初期研修医科 カリキュラム放射線治療科

目標

GIO

全人的ながん診療を実践するために、専門的がん放射線治療を通じて基本的能力を習得する。

SBOs

  1. 放射線治療科が薦めるSBOs
    臨床腫瘍学、放射線治療の原理と適応についての基本的診療能力を習得することを目標とする。
    1. 医療被曝と放射線防御の要点を説明できる。
    2. 放射線治療の原理や装置について説明できる。
    3. 次の代表的な悪性腫瘍について、画像診断をふまえて病期診断を行う。
      (頭頸部腫瘍、肺癌、乳癌、消化器系腫瘍、前立腺癌、子宮癌)
    4. EBMに基づき放射線治療の適応を判断する。
    5. 担当患者の放射線治療計画を作成する。
    6. 患者、家族に対して放射線治療の説明ができる。
    7. がん患者の心理について配慮した行動ができる。
    8. 固形癌治療効果判定基準に従って治療効果を判定する。
    9. 放射線治療に伴う有害事象を共通毒性基準に従って判定し、必要な対策を講じる。
    10. 緩和的放射線治療の適応を判断できる。
  2. EPOCが定めるSBOs(別表 研修マトリックス参照)
  3. 個人研修希望者が決めるSBOs
    将来の希望に応じて、臓器別腫瘍や緩和医療に重点を置いた行動目標を設定することも可能である。

方略

  • 指導医のもと、新規紹介患者を受け持つ。
    画像所見や病期診断を含め総合的に検討し、放射線治療の適応と治療方針を検討する。
  • 放射線治療計画装置を用いて3次元的治療計画を作成する。
  • 担当患者の有害事象対策を含めた患者管理や治療効果判定をおこなう。
  • 密封小線源治療、非密封小線源治療、全身照射、高精度放射線治療などの
    特殊放射線治療の診療補助を行う。
  • 前立腺癌密封小線源治療患者及び非密封小線源治療患者の病棟主治医となり、治療手技や患者管理を行う。
  • 症例検討会:週3回(火・木・金)。

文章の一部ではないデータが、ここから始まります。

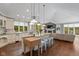 Open kitchen with a large island, wooden floors, and modern appliances at 7624 William Penn Pl, Indianapolis, IN 46256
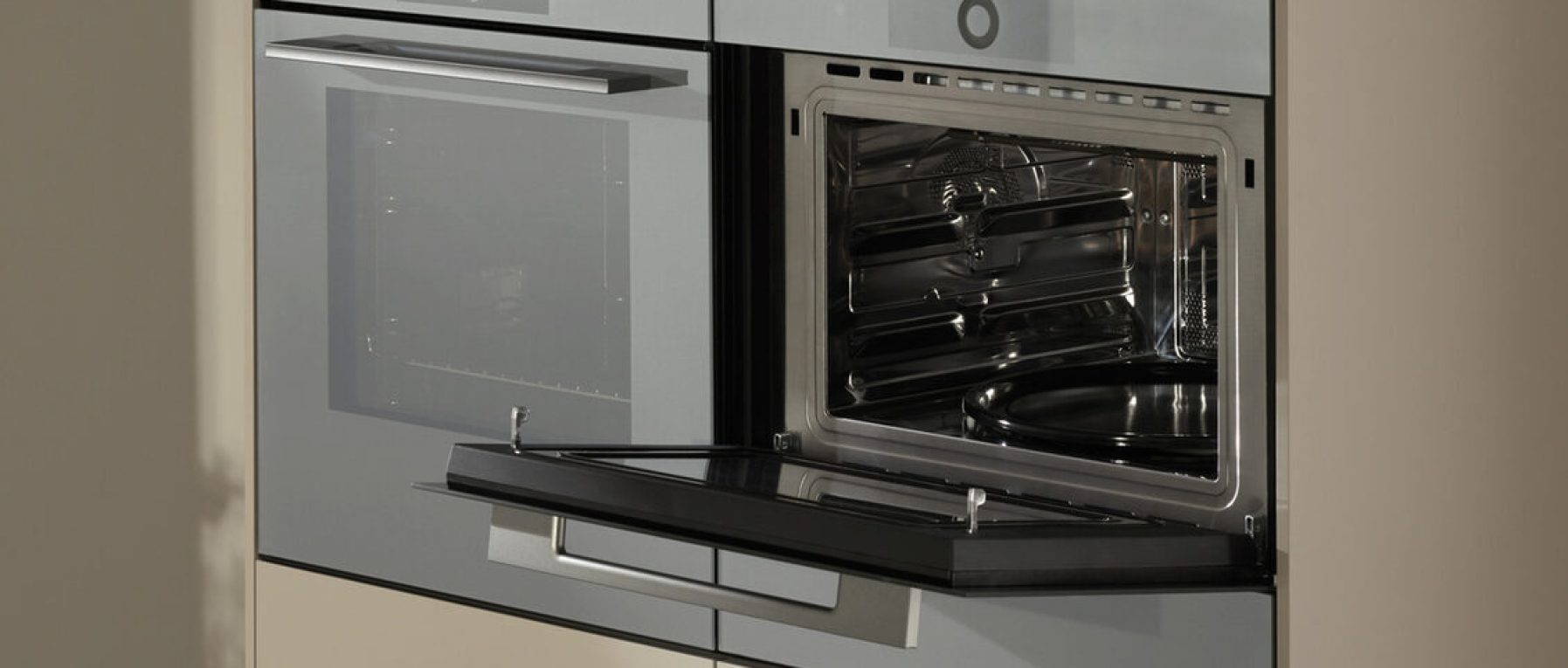 Moderner Küchenbereich mit geschlossenem Backofen und geöffneter Mikrowelle in Edelstahloptik.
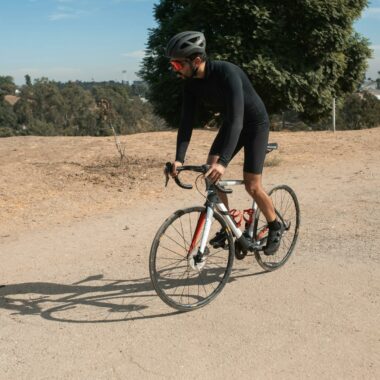 A cyclist wearing a helmet and sunglasses rides a bike on a sunny day in a natural setting.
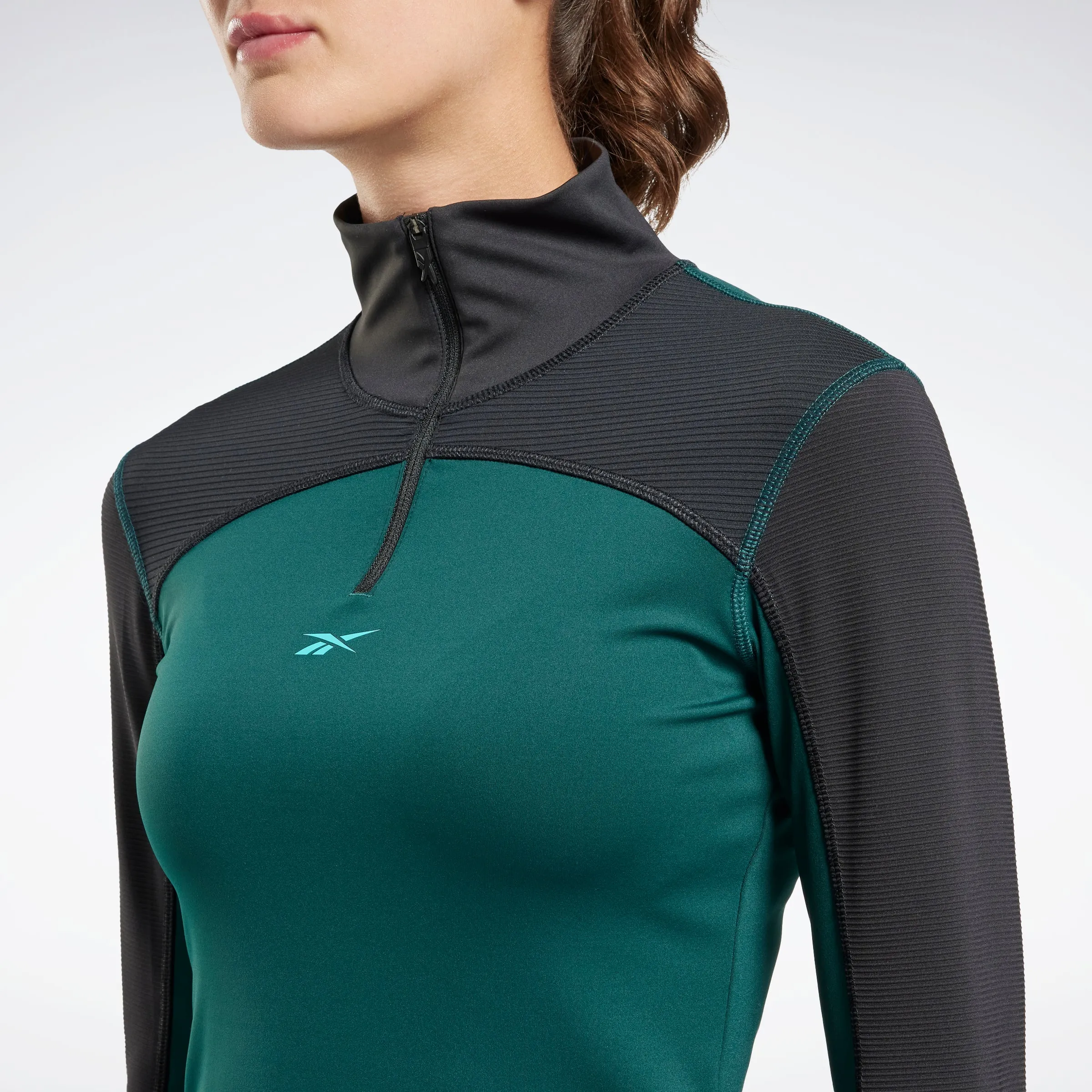 Reebok Apparel Women Tech Style Thermowarm Graphene Quarter-Zip Sweatshirt Forgrn
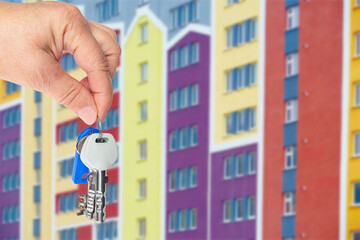 Hand holds the keys to a new apartment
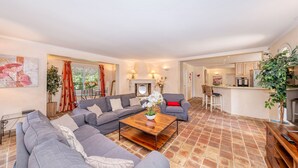 A spacious living room with a grey sectional sofa, a wooden coffee table, and a kitchen area visible in the background. - Villa in Cannes 300 meters form the sea - 5 bedrooms, garden and swimming pool (Cannes)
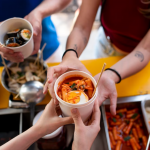 hands holding cup with food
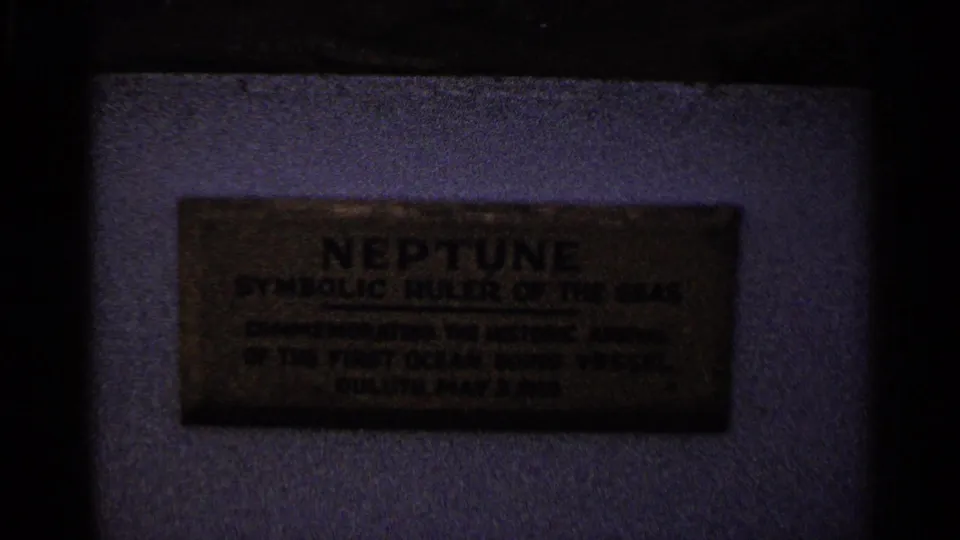 Close-up of a Neptune commemorative plaque on a wall, partially dark and soft in 8mm footage.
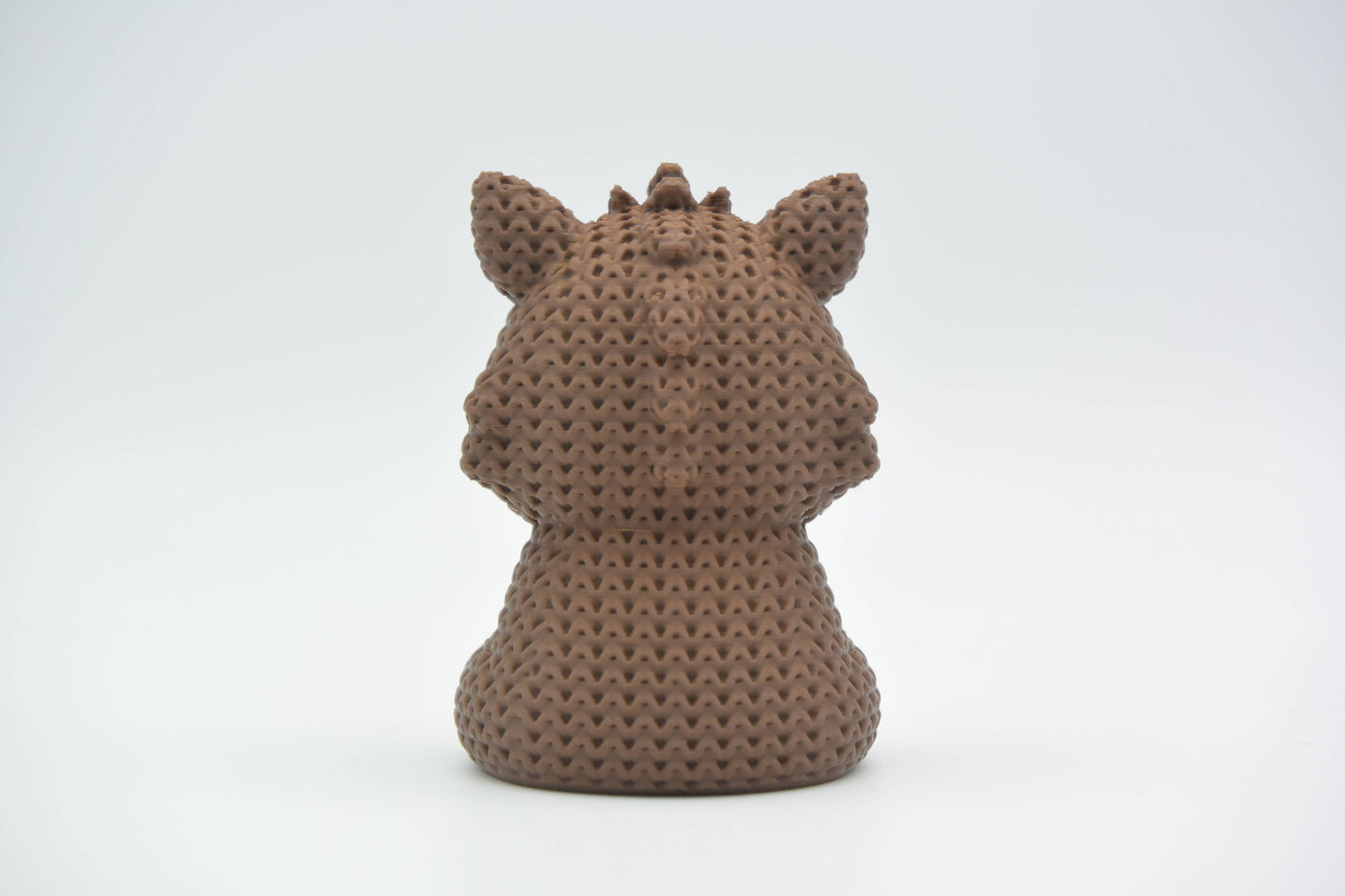 Detail shot of the looped crochet-look surface texture on a solid wild boar figurine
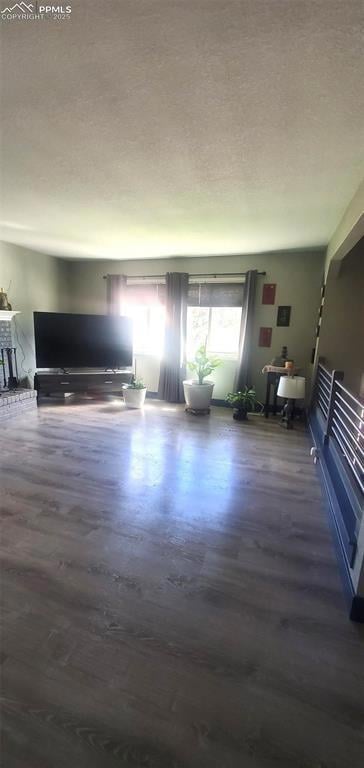 Living area with laminate finished floors.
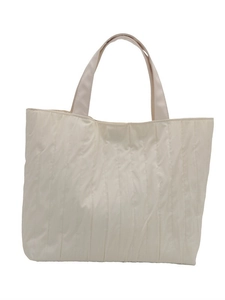 Minimalist creamy white pleated tote bag featuring vertical textured fabric and top handles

担当患者の画像評価、治療立案についてプレゼンテーションを行う。
  • 合同カンファレンスに参加し、担当患者のプレゼンテーションを行う。
    血液内科カンファレンス:月4回(放射線治療科、血液内科)
    婦人科カンファレンス:月1回(放射線治療科、婦人科、放射線科、病理部)
    緩和ケアカンファレンス:月4回(放射線治療科、緩和ケアセンター、麻酔科、精神科、小児科、薬剤部、栄養部)
    食道カンファレンス:不定期(放射線治療科、消化器外科、消化器内科)
    肺カンファレンス:月2回(放射線治療科、呼吸器内科)
    胸部カンファレンス:月1回(放射線治療科、呼吸器内科、呼吸器外科、放射線科、病理部)
    乳腺カンファレンス:月1回(放射線治療科、乳腺外科、放射線科、病理部、薬剤部)
    消化器カンファレンス:月4回(放射線治療科、消化器外科、消化器内科、放射線科)
    肝胆膵カンファレンス:月2回(放射線治療科、肝臓内科、肝胆膵外科、腫瘍センター、放射線科)
    肝胆膵カンファレンス:月2回(放射線治療科、肝臓内科、肝胆膵外科、腫瘍センター、放射線科)
    院内キャンサーボード:月4回(放射線治療科、放射線科、腫瘍センター、主治医該当科)
    頭頸部癌カンファレンス:月2回(放射線治療科、耳鼻科、口腔外科、放射線科)
    甲状腺疾患カンファレンス:月2回(放射線治療科、耳鼻科、内分泌内科、放射線科)
  • その他、地方会、研究会、セミナーに積極的に参加する。

評価

形成的評価

  • 放射線治療科の薦めるSBOsに対する到達度については、自己評価と指導医によりそれぞれ5段階で評価する。
  • ローテーション中に診療科長による面接評価を行う。
  • 随時フィードバックをおこなう。

総括的評価

  • 指導医および看護師等による態度・技能を評価する。
  • 終了時に評価表(研修医の経験内容等に関する自己評価および放射線治療科の指導体制等に関する評価を記載)を提出する。評価表は放射線治療科のスタッフ・シニア以上のレジデント、全てが共有する。
  • EPOCによる評価を行う。